**Task instructions:** Once you reach the line with "Skeptical Little Girl" below, copy each line exactly, stopping after the line with "Open-concept dining and", and skip any pictures.
Provided records section start
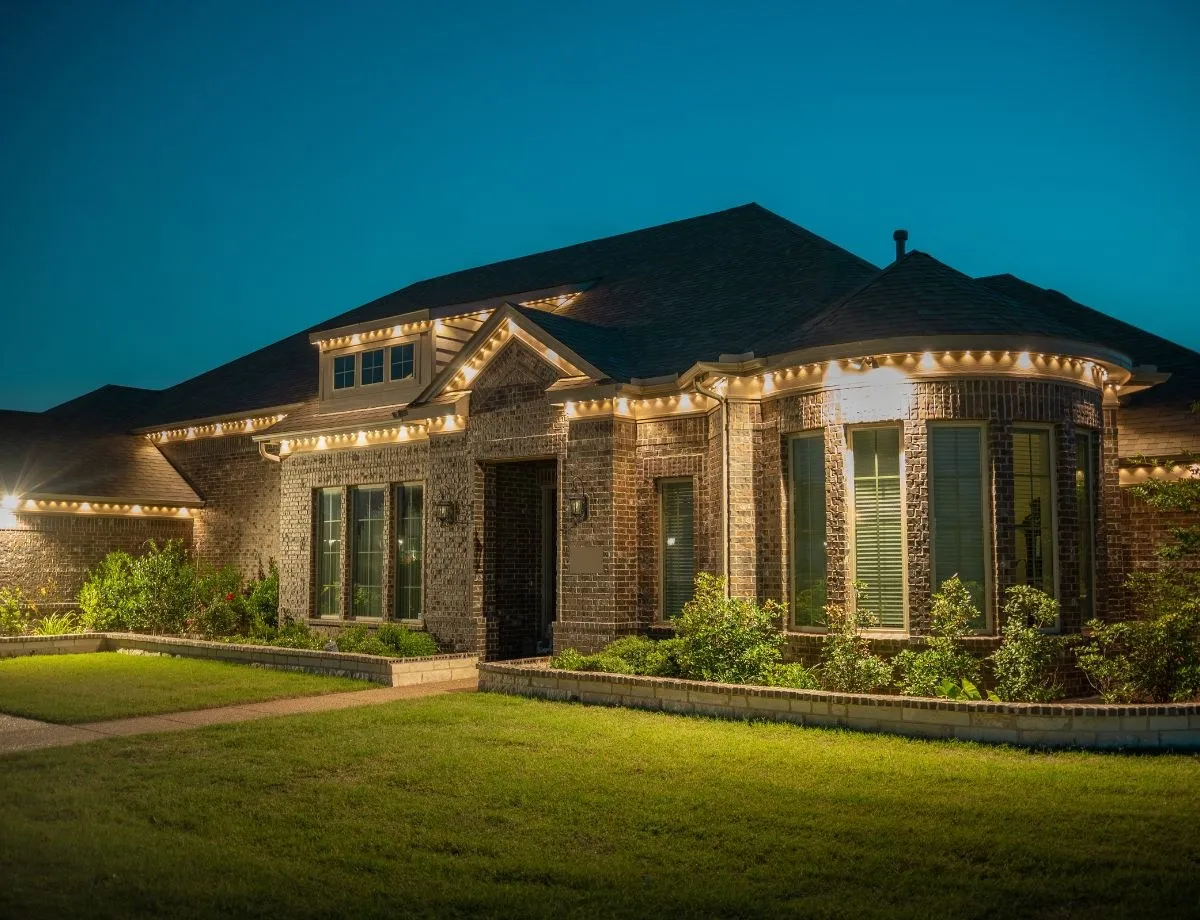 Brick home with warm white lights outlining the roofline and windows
Provided records section end
Provided records section start
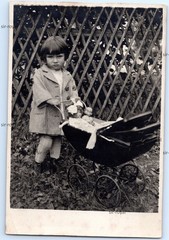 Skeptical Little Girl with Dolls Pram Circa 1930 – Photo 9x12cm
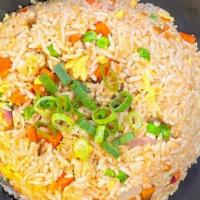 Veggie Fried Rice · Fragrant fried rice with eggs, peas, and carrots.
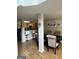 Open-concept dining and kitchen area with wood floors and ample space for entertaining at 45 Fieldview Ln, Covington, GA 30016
Provided records section end
**Solution for this task:**
 Skeptical Little Girl with Dolls Pram Circa 1930 – Photo 9x12cm
 Veggie Fried Rice · Fragrant fried rice with eggs, peas, and carrots.
 Open-concept dining and kitchen area with wood floors and ample space for entertaining at 45 Fieldview Ln, Covington, GA 30016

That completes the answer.